## [Exercise input]
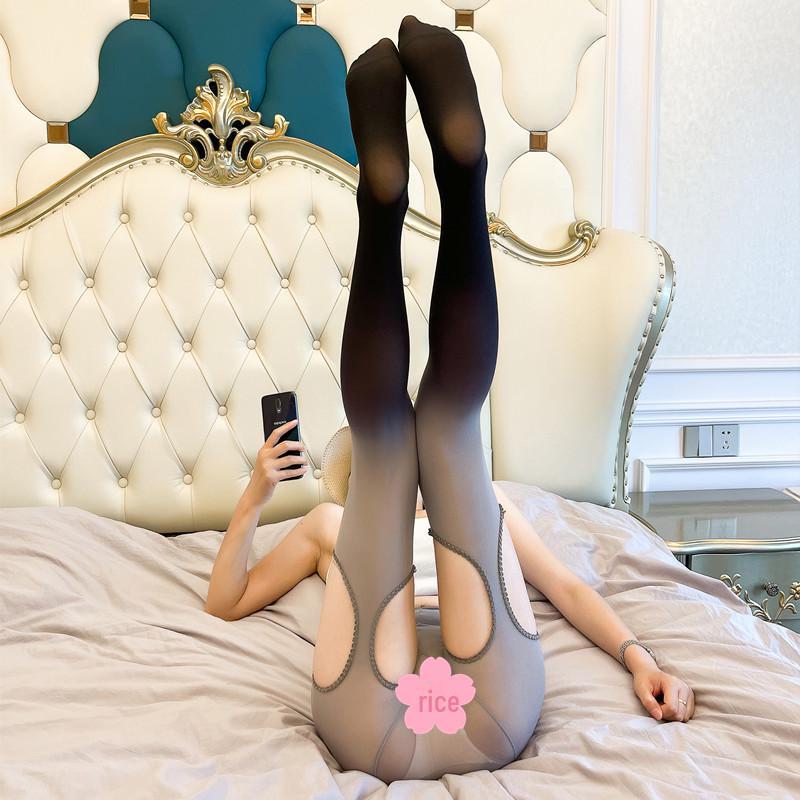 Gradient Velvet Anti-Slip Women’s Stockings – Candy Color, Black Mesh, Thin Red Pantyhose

--

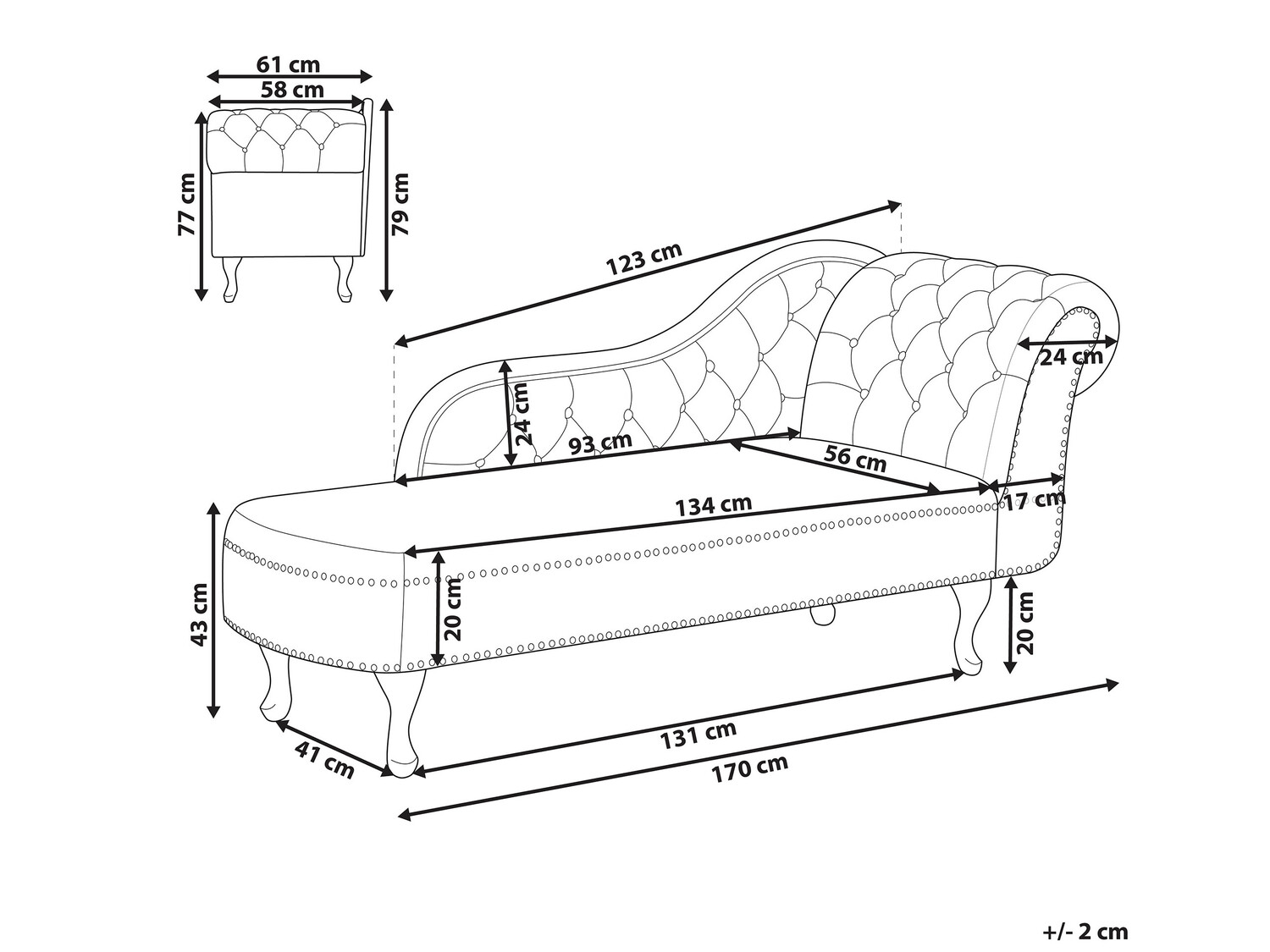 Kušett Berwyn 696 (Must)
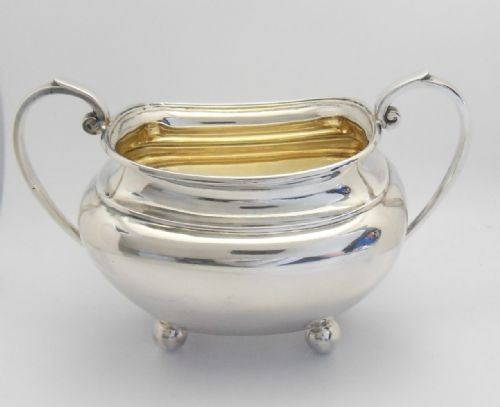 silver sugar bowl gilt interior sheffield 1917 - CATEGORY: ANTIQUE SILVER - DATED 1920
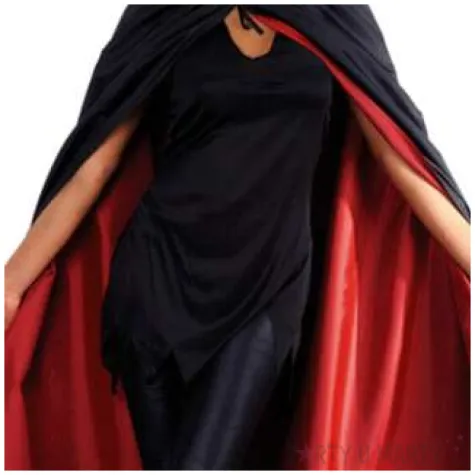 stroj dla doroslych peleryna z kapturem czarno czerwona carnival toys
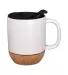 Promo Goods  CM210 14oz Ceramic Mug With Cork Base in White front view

## [Instructions for the task]
Write back the stretch of lines above that begins with the line holding "silver sugar bowl" and ends with the line holding "White front view", both included, exactly as written. Pictures stay out.

## [Output of the exercise]
 silver sugar bowl gilt interior sheffield 1917 - CATEGORY: ANTIQUE SILVER - DATED 1920
 stroj dla doroslych peleryna z kapturem czarno czerwona carnival toys
 Promo Goods  CM210 14oz Ceramic Mug With Cork Base in White front view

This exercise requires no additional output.